WHAT YOU WILL DO: Below is a set of records, and all of them should be retyped exactly, minus the pictures.

EXTRACTED INFORMATION:
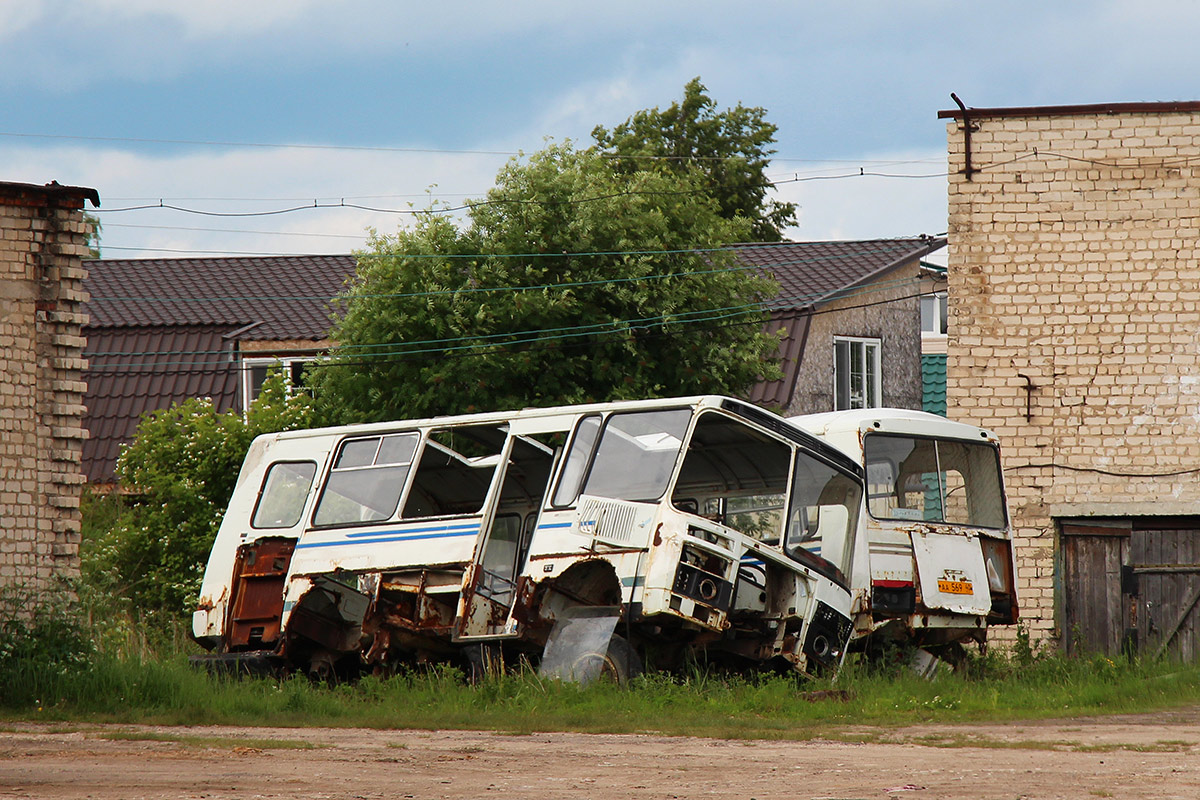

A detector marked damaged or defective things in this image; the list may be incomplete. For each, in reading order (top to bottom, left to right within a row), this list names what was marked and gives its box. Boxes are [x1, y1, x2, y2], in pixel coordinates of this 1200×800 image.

broken window [250, 460, 316, 528]
broken window [312, 434, 420, 528]
broken window [398, 424, 502, 520]
abandoned white bus [190, 396, 864, 680]
broken window [676, 412, 796, 544]
abandoned white bus [792, 410, 1016, 652]
broken window [868, 434, 1008, 528]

RESPONSE TO THIS EXERCISE:
A detector marked damaged or defective things in this image; the list may be incomplete. For each, in reading order (top to bottom, left to right within a row), this list names what was marked and gives its box. Boxes are [x1, y1, x2, y2], in pixel coordinates of this 1200×800 image.

broken window [250, 460, 316, 528]
broken window [312, 434, 420, 528]
broken window [398, 424, 502, 520]
abandoned white bus [190, 396, 864, 680]
broken window [676, 412, 796, 544]
abandoned white bus [792, 410, 1016, 652]
broken window [868, 434, 1008, 528]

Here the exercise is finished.